Of course, if we do not address our affordable housing crisis, then the people who work in our thriving restaurants and shops will have a difficult choice of either very long commutes from outside the town- often not possible for restaurant workers who get off their evening shift after the buses have run- or to live in illegal apartments, where they have no recourse should they find the building substandard or overcrowded. The recently-passed ADU ordinance is a good step in that direction, but it is far from enough.

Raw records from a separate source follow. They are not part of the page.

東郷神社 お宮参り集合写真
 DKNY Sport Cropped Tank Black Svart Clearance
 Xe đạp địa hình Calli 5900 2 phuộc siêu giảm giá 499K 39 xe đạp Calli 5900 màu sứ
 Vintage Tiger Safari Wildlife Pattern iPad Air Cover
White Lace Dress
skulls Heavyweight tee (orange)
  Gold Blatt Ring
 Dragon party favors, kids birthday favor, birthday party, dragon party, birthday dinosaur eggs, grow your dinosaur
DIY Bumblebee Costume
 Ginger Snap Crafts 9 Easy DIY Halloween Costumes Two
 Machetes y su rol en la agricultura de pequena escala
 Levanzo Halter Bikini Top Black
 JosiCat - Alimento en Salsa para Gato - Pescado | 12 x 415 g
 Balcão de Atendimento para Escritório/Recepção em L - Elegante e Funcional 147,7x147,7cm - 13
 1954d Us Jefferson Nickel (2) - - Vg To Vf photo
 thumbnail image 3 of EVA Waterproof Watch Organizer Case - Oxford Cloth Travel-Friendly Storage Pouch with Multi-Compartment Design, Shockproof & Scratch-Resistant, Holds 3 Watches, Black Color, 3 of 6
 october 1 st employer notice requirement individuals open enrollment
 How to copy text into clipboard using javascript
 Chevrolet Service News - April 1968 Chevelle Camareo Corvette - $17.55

At the HTHC we are very concerned about the effect the additional restrictions in the proposed changes to the C-6 law will have on building in the town of Huntington. It is always difficult to build affordable units, and adding more steps and tighter restrictions will make it even more difficult. We therefore suggest the following ideas:

  1. Keep the proposed restrictions specific to the already-sewered area of Huntington Village and Halesite. It seems like most of the issues that people want addressed are specific to the Village, so let’s not overreach with the legislation, and keep the changes specific to the affected area. Other parts of town have different geographies, different issues, and different water tables. And broad sweeping laws can have unintended consequences. If these changes stop all building in the Village, we are still going to need to build somewhere, or we will exacerbate our illegal apartment problem.
  2. Consider exempting projects that have a 50% or more affordable component from the new restrictions. We are at a point where even people who are not fans of building more apartments will concede we need more affordable housing, so providing an incentive to create more than the presently-mandated 20% affordable quota may be welcomed by developers
  3. Build a new parking structure now. If parking is the problem, then a parking structure is the answer, and it always has been. A parking structure would allow the town to consider variances on parking for new apartment buildings, leading to the creation of more affordable units.
  4. Be very cautious about the wording of your language on architectural review. While almost everyone can name at least one recently-built building in town they think is ugly (and not always the same one!), architectural review has a long history of being used as a tool for segregation and for stopping affordable housing. By its very nature it is decided by more subjective judgement than other aspects of zoning, and requiring extra steps (like a full-blown architectural review board) or too many extra flourishes will drive up costs and make building affordably even less possible.
  5. Attack the water issues with the facts, not what people think the facts are. Hypoxia in Long Island Sound and Huntington Bay is primarily due to excess nitrogen that comes from the run-off fertilizers for residents’ lawns, and the primary cause of pollution in the ground water is septic tanks. Both fertilizer and septic tanks are characteristics of single-family homes, not apartments above stores. Nor is the town waste treatment facility in any danger of reaching capacity any time soon, so there is plenty of time to consider expanding it if the town deems it necessary. Can the town do a better job enforcing the rule that water that falls on your property stays on it, or by requiring offsets to allow the highway department to capture more water before it reaches the Village? Absolutely. But the answer to improving our groundwater and the water in the bay lies in restricting fertilizers and getting more homes on sewers and off septic tanks, not in forcing people into illegal apartments because we make it too hard to build the necessary living units.

We appreciate the town board is trying to address some of the town’s longest-existing and most-pressing problems. We hope they will consider our proposals.